EUR: Knocking on the EUR/USD 1.1000 door

Faltering risk sentiment and the uninspiring German Ifo yesterday point to a weaker EUR/USD as the dollar benefits from its safe-haven appeal while any ECB policy normalisation seems remote. In Sweden, December retail sales are expected to record another monthly decline today, underlining the state of the economy which is inconsistent with further Riksbank tightening. We look for higher EUR/SEK as negative risk sentiment is putting pressure on the Swedish krona – although the currency is likely to continue outperforming its Norwegian counterpart in the short-term as the decline in oil prices is, in relative terms, more negative for the krone.

GBP: Waiting for the BoE meeting

Sterling modestly weakened overnight but with the market split on the outcome of the January Bank of England meeting on Thursday (around a 60% probability of a rate cut priced in vs our on-hold call), the pound shouldn’t move too much ahead of the actual rate decision.
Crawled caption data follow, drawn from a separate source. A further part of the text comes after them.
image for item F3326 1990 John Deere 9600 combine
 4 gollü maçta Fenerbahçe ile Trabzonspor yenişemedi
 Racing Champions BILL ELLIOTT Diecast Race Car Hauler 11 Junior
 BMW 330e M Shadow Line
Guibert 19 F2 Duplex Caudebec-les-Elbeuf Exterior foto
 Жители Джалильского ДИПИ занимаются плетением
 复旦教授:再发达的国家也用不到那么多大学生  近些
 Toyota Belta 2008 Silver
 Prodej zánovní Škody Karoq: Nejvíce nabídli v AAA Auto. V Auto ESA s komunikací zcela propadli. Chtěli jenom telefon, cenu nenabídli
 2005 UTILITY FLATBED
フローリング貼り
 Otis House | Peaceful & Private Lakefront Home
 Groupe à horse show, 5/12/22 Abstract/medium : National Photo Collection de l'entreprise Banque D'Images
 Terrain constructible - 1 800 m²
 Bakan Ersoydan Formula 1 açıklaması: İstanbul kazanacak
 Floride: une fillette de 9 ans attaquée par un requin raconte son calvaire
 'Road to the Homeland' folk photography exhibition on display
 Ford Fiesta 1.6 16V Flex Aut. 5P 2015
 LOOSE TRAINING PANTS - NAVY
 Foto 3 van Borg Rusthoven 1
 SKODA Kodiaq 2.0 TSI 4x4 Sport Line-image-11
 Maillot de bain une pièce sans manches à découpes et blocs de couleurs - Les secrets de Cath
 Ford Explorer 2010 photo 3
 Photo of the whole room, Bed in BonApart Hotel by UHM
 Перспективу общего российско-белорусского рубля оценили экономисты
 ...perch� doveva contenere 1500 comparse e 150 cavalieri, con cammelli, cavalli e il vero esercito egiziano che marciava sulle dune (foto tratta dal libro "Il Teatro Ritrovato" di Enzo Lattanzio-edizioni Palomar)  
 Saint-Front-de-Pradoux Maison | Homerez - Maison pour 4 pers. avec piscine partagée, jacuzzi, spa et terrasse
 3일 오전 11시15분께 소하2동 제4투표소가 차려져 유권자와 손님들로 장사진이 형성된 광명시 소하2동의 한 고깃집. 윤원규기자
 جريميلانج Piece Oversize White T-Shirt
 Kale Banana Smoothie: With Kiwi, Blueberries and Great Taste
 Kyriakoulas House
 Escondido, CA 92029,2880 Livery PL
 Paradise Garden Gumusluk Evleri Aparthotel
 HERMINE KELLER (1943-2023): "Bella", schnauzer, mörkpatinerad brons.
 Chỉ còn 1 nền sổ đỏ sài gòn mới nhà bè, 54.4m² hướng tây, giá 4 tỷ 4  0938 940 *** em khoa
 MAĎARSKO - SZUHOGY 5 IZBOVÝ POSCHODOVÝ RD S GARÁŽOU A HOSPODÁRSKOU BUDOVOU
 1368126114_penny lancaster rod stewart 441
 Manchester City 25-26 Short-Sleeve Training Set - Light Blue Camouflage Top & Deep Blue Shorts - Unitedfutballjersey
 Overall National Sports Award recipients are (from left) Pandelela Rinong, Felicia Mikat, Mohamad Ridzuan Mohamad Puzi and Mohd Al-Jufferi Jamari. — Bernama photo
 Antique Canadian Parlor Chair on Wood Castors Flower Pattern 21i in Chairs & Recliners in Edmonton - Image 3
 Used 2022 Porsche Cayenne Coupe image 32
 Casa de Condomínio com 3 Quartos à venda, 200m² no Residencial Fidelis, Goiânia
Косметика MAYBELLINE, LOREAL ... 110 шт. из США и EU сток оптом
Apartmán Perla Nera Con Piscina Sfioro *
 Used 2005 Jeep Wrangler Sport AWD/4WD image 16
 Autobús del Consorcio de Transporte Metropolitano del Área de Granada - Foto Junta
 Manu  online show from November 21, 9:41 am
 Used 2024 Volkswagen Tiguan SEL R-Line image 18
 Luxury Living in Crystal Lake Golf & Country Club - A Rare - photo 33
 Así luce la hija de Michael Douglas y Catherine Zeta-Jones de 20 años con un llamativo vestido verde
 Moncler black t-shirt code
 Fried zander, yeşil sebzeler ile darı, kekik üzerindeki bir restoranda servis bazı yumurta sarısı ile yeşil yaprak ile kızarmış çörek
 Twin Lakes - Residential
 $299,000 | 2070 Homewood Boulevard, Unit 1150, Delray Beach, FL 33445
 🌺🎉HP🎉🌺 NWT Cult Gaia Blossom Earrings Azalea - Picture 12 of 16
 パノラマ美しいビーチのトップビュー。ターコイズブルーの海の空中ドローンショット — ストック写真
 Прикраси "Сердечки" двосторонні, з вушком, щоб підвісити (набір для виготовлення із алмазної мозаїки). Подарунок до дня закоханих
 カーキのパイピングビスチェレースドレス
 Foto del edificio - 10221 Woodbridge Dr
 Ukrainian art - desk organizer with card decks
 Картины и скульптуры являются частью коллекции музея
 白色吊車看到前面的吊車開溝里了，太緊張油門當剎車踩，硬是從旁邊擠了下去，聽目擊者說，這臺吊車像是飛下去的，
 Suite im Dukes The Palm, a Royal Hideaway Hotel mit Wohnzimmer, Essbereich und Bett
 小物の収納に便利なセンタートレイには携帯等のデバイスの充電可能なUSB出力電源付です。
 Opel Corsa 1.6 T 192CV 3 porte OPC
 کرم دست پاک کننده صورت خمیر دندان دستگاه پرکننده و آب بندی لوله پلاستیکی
HUF: NBH still on autopilot

We expect the National Bank of Hungary to keep its policy stance unchanged today as the incoming inflation and economic activity data fit the central bank's base case. The recent change in FX swaps reflects the ongoing liquidity situation and we don’t want to read too much into it. With the general risk environment being unfavourable for emerging market FX (within the central and eastern European FX space, the Polish zloty, Czech koruna and Hungarian forint have all been under pressure recently) and the forint exerting a deeply negative real rate, we continue to see the risks to EUR/HUF as skewed to the upside.